Ukraine's Yushchenko hopeful of joining NATO
Last Updated: Tuesday, September 22, 2009 | 1:19 PM ET
CBC News
Ukrainian President Viktor Yushchenko, seen during a televised address in 2008, says public sentiment in his country is moving in favour of joining NATO. (AP Photo/Myshko Markiv, Pool) Ukrainian President Viktor Yushchenko is optimistic his country will soon join NATO, saying Monday that public sentiment in his country is moving in favour of membership in the Western military alliance.
Yushchenko, who is in New York for the United Nations General Assembly on Tuesday, has been pushing for the North Atlantic Treaty Organization to accept the Ukraine in an effort to ensure its sovereignty.
"If you analyze the history of Ukraine in the 20th century," Yushchenko said, "you will see that from 1917 to 1991 Ukraine declared its independence six times and five times we lost it."
He blamed the former Soviet Union for the reversals.
Canada and the United States have been strong supporters of the Ukraine's bid to join the 26-member alliance, established after the Second World War to counter Soviet expansion.
France and Germany have been more cautious, however, worrying such a move will strain ties with Russia, which firmly opposes the move.
Three former Soviet Republics — Latvia, Estonia and Lithuania — have already joined NATO, moves that have angered post-Soviet Russian governments.
Yushchenko said whether Ukraine is allowed to join NATO is not for outsiders, like Russia, to decide.
Public support in Ukraine is growing, he said, with 33 per cent of those polled supporting NATO membership while 27 per cent oppose it. Four years ago only 14 per cent of those polled supported joining the organization, Yushchenko said.
Independent polling still shows more Ukrainians are against joining NATO than are willing to join it, however.
Yushchenko re-election in doubt
The Ukrainian president said the Russian invasion of Georgia in August 2008 was a strong selling point for joining NATO, which guarantees that an attack on one member state is viewed as an attack on the alliance.
Yushchenko faces a difficult election battle in January, with some reports saying only five per cent of Ukrainians support him for re-election.
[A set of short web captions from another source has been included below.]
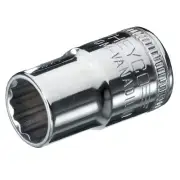 Wiha (Heyco) 60239 12-Point Metric Socket, 3/8" Drive, 18mm x 27mm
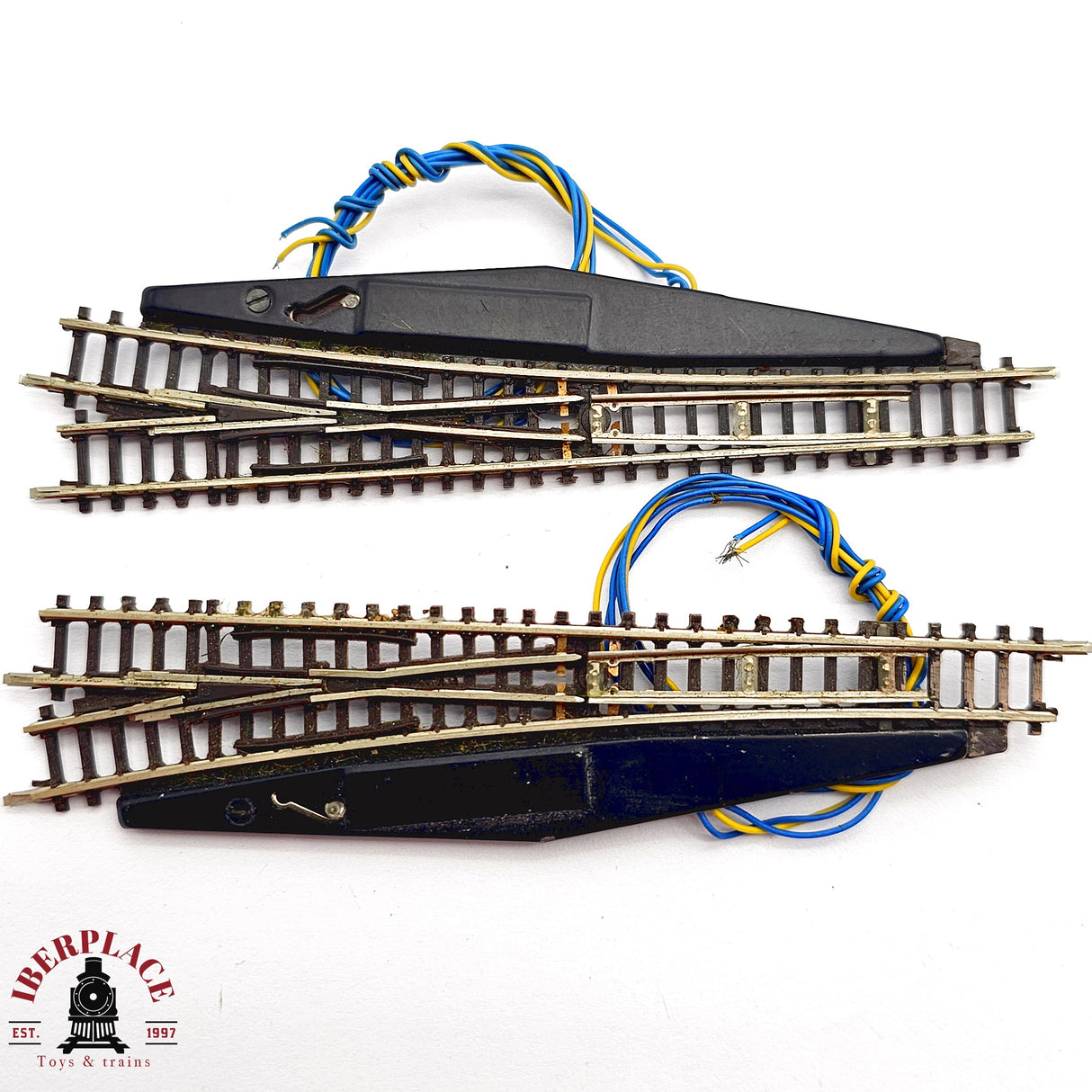 ♻️ 2da mano -  Märklin 2x 8561 8564 desvíos izquierda y derecha Z escala 1:220 E14 12/13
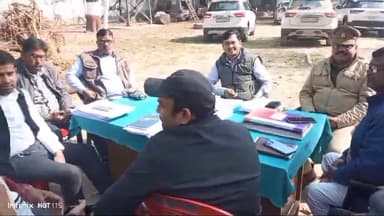 शोहरतगढ़: नायब तहसीलदार शोहरतगढ़ की अध्यक्षता में थाना चिल्हिया में थाना समाधान दिवस कार्यक्रम का आयोजन किया गया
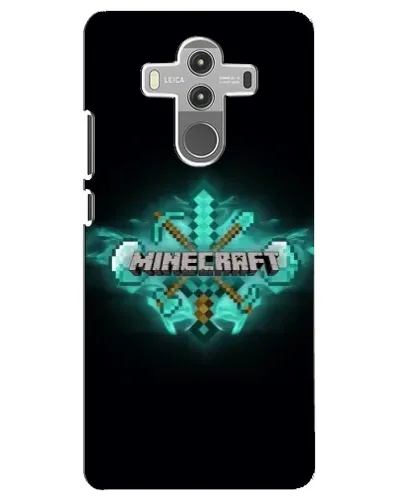 Чехол для Huawei Mate 10 Pro с картинкой «Minecraft Diamond лого»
Yushchenko himself said his own numbers have his popularity at 10 per cent and rising.
Ukraine's economy has struggled during the global economic recession, with the country relying on an emergency loan from the International Monetary Fund to avoid a complete meltdown.
Parliamentary auditors reported that 879,000 people were unemployed last year, and the IMF said the country's economy will shrink 14 per cent this year.
Yushchenko was poisoned with a deadly dioxin during the Ukrainian presidential election in September 2004 and required dozens of operations to recover, but looked well on Monday, according to reports.